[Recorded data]
━━━━━━━━━━━━━━━━━━━━
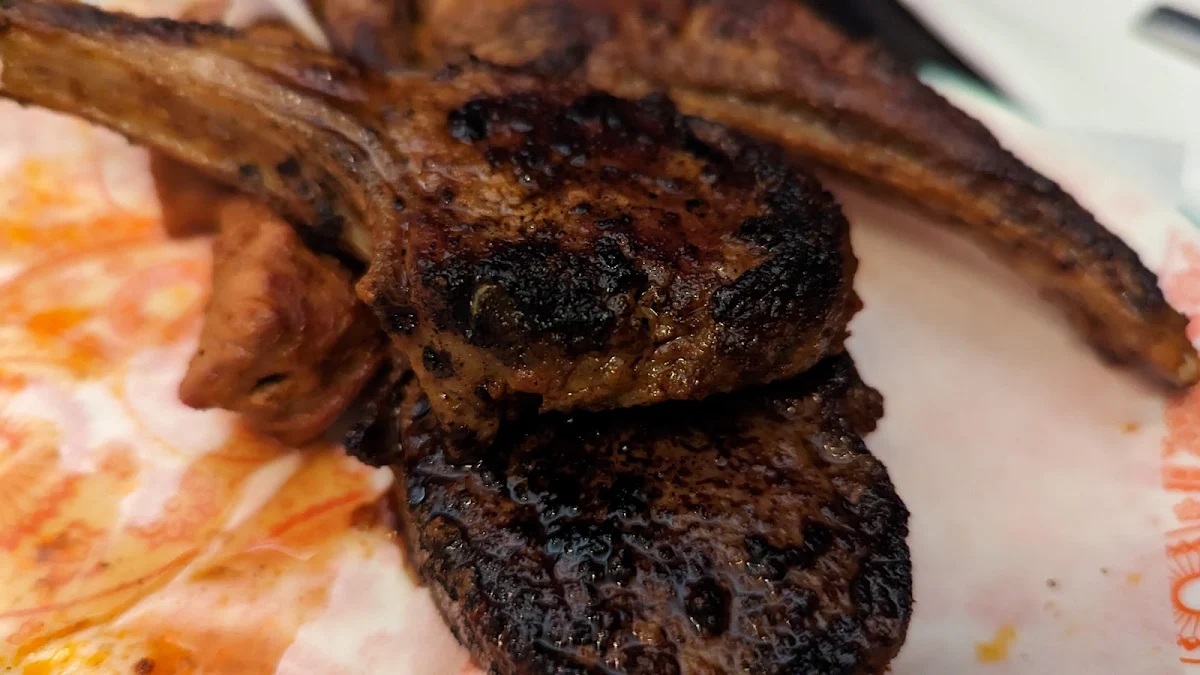 Lamb Chops, Komur
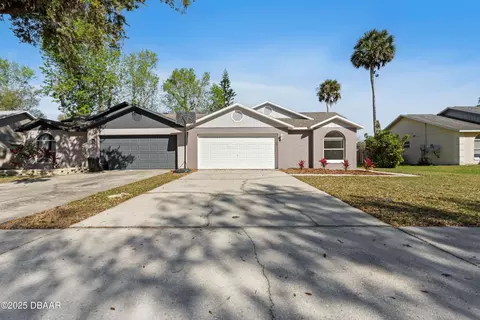 823 Kokomo Cir, Port Orange, FL 32127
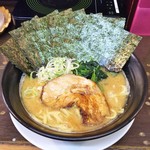 日の出らーめん - ラーメン710円麺硬め。海苔増し100円。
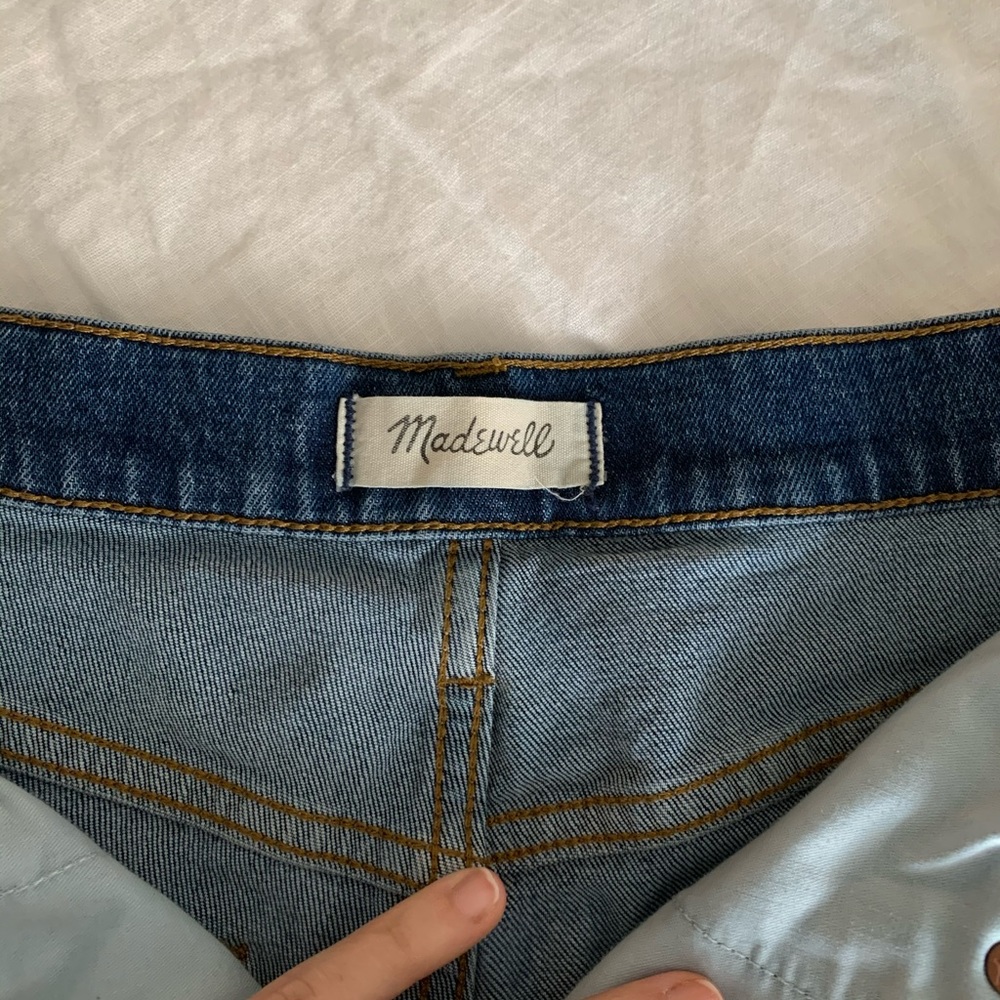 Madewell High-Rise Denim Shorts in Glenoaks Wash - Picture 7 of 8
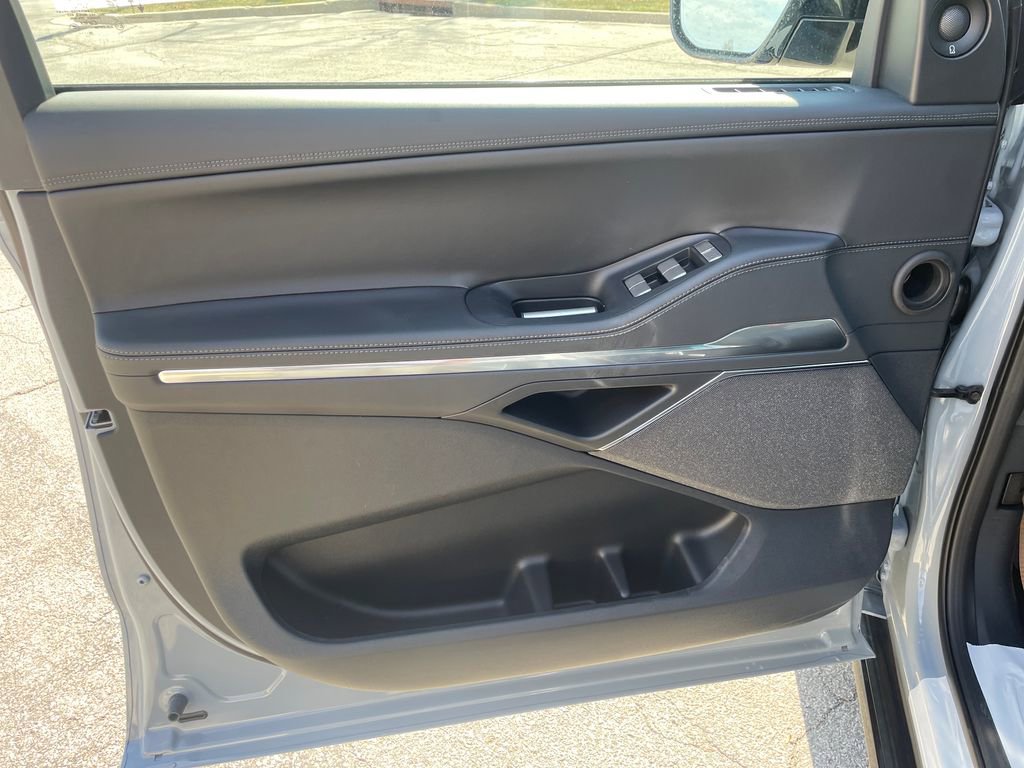 New 2025 Lincoln Navigator Reserve w/ Jet Appearance Package image 10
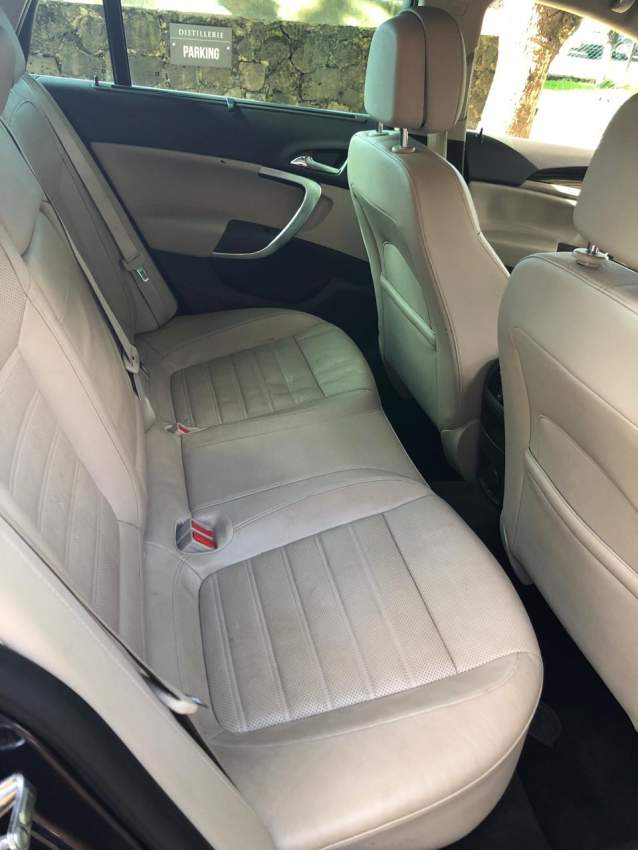 2012 Opel Insignia OPC line - 5 - Family Cars  on Aster Vender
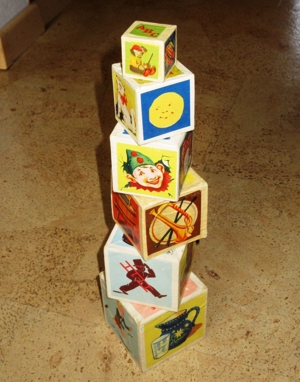 Kinderspielzeug - Schachtelturm Bild 1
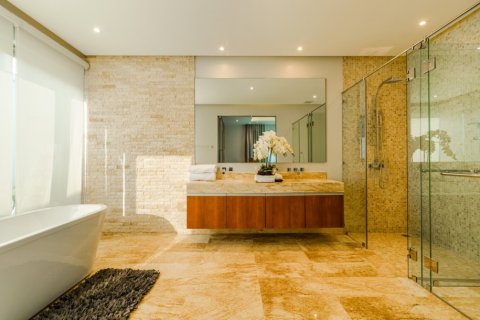 4 bedrooms Villa in Layan Beach, Thailand No. 97403 13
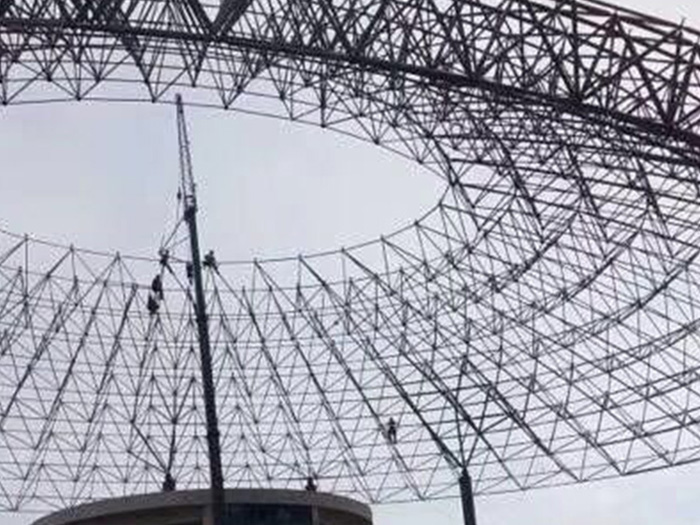 五大连池网架钢结构工程有限公司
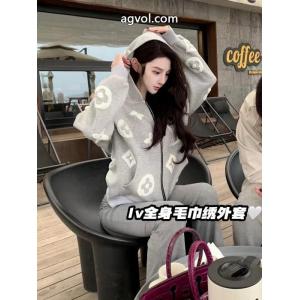 お買い得送料無料 必需品 大人気発売中偽物 通販LOUIS VUITTONコート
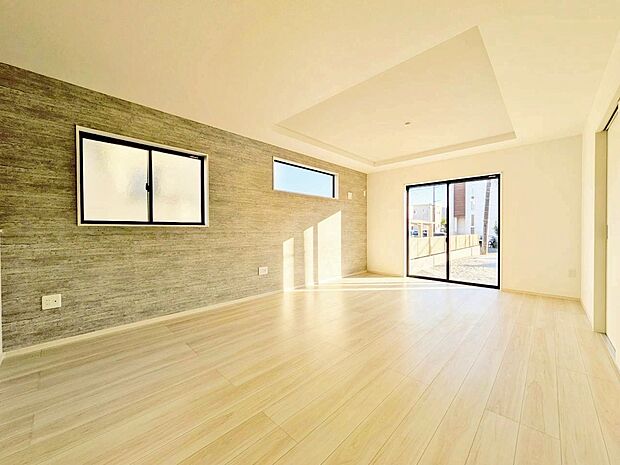 忙しく過ぎゆく日常を置き去るほど、ゆったりした時間が流れるリビング。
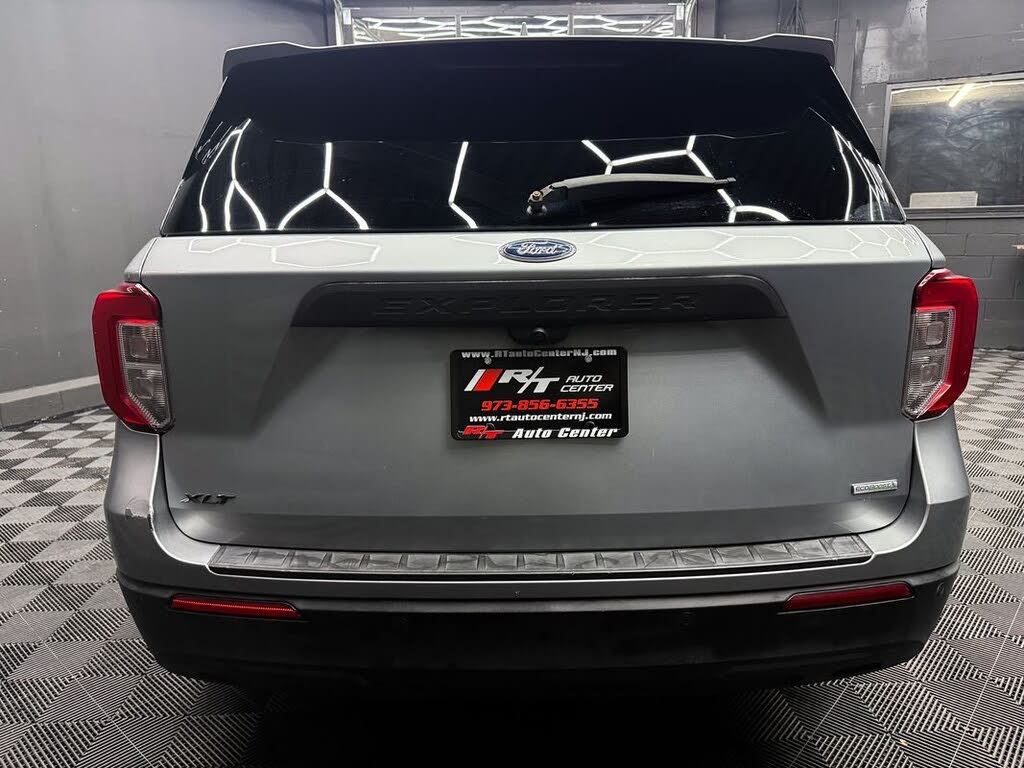 Vehicle view 6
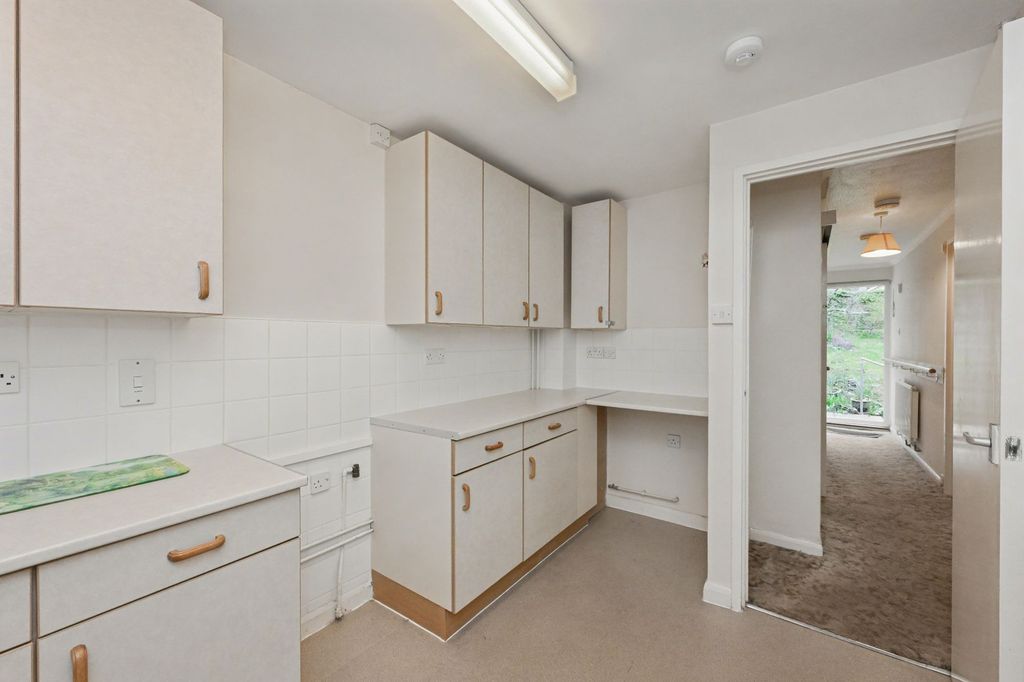 Property photo 3 of 13 26 Madells, Epping CM16 4Nw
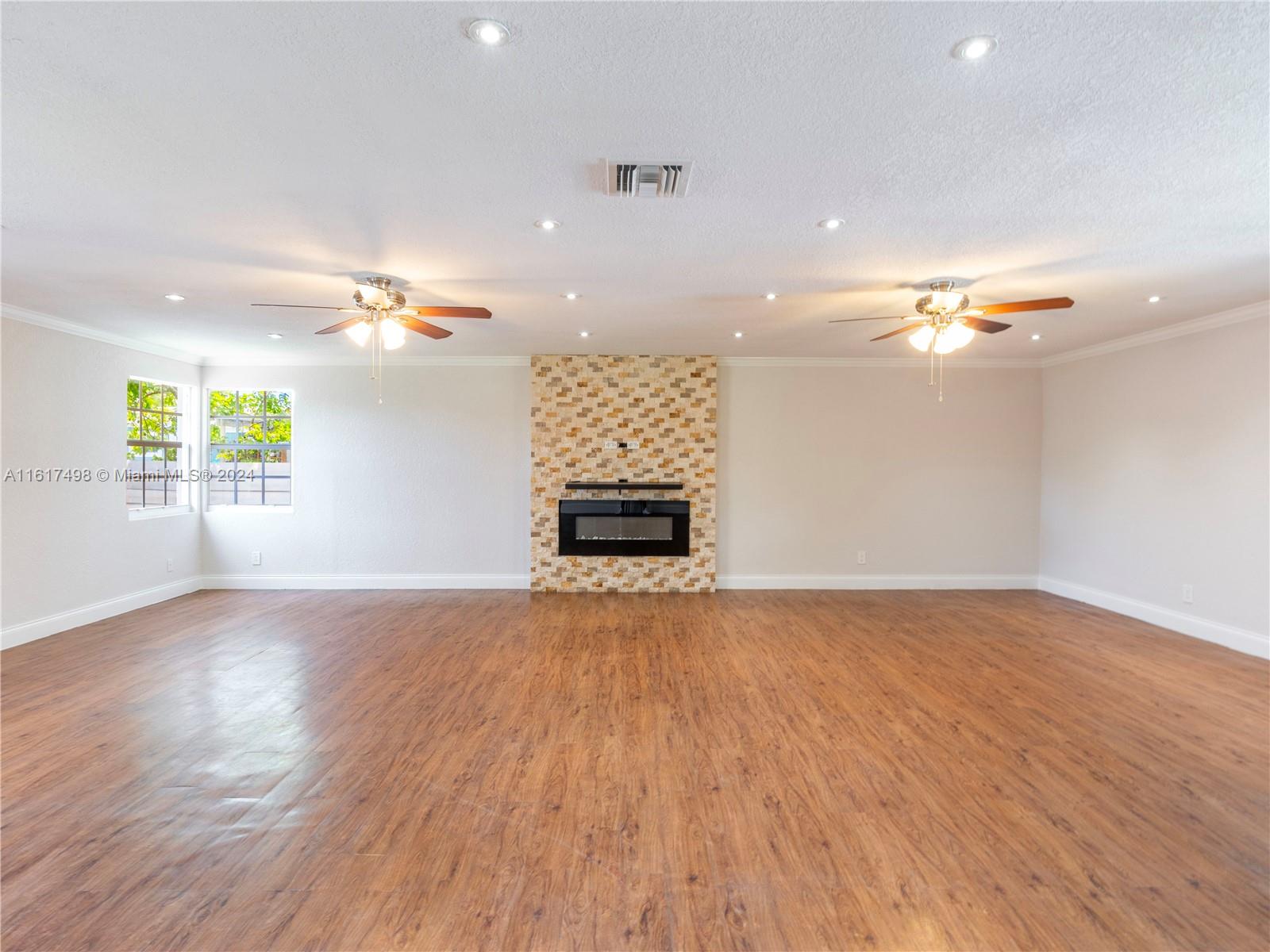 650 NW 38th Ct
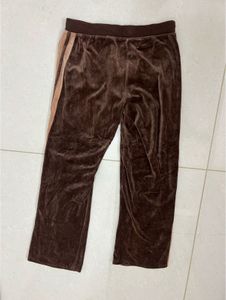 Wide Leg Sweatpants in Coffee Brown Color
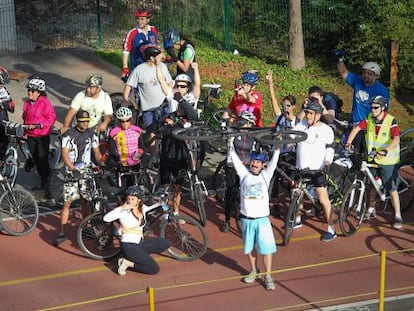 Ciclistas se manifestam a favor de uma ciclovia em São Paulo.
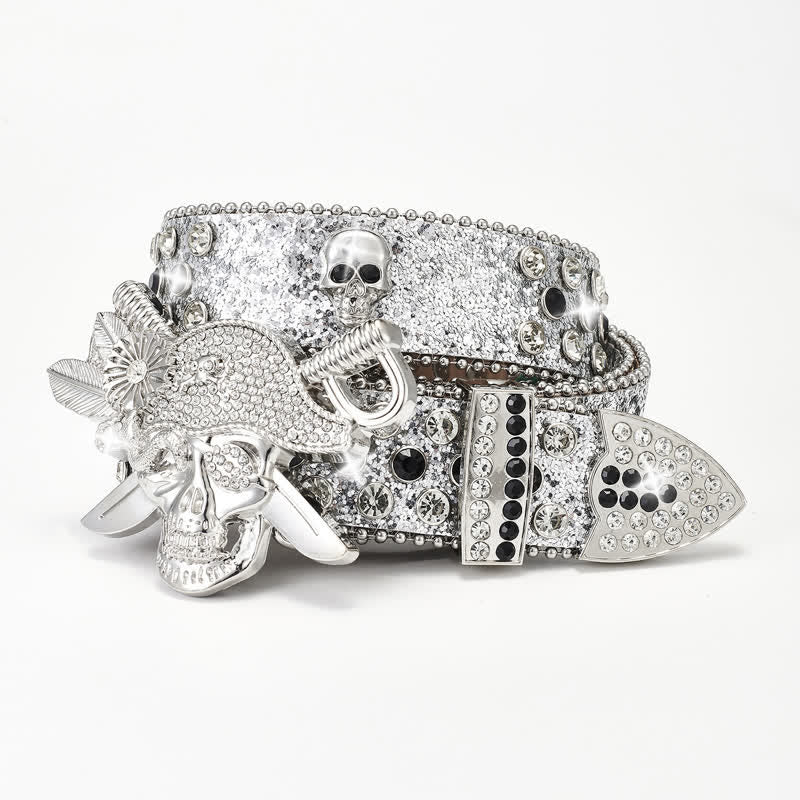Cinturón de cuero con tachuelas y diamantes de imitación con hebilla pirata estilo punk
━━━━━━━━━━━━━━━━━━━━
**WORK ITEM**: Without including any pictures, output each entry above exactly as it appears.

**REPLY**:
 Lamb Chops, Komur
 823 Kokomo Cir, Port Orange, FL 32127
 日の出らーめん - ラーメン710円麺硬め。海苔増し100円。
 Madewell High-Rise Denim Shorts in Glenoaks Wash - Picture 7 of 8
 New 2025 Lincoln Navigator Reserve w/ Jet Appearance Package image 10
 2012 Opel Insignia OPC line - 5 - Family Cars  on Aster Vender
 Kinderspielzeug - Schachtelturm Bild 1
 4 bedrooms Villa in Layan Beach, Thailand No. 97403 13
 五大连池网架钢结构工程有限公司
 お買い得送料無料 必需品 大人気発売中偽物 通販LOUIS VUITTONコート
 忙しく過ぎゆく日常を置き去るほど、ゆったりした時間が流れるリビング。
 Vehicle view 6
 Property photo 3 of 13 26 Madells, Epping CM16 4Nw
 650 NW 38th Ct
 Wide Leg Sweatpants in Coffee Brown Color
 Ciclistas se manifestam a favor de uma ciclovia em São Paulo.
Cinturón de cuero con tachuelas y diamantes de imitación con hebilla pirata estilo punk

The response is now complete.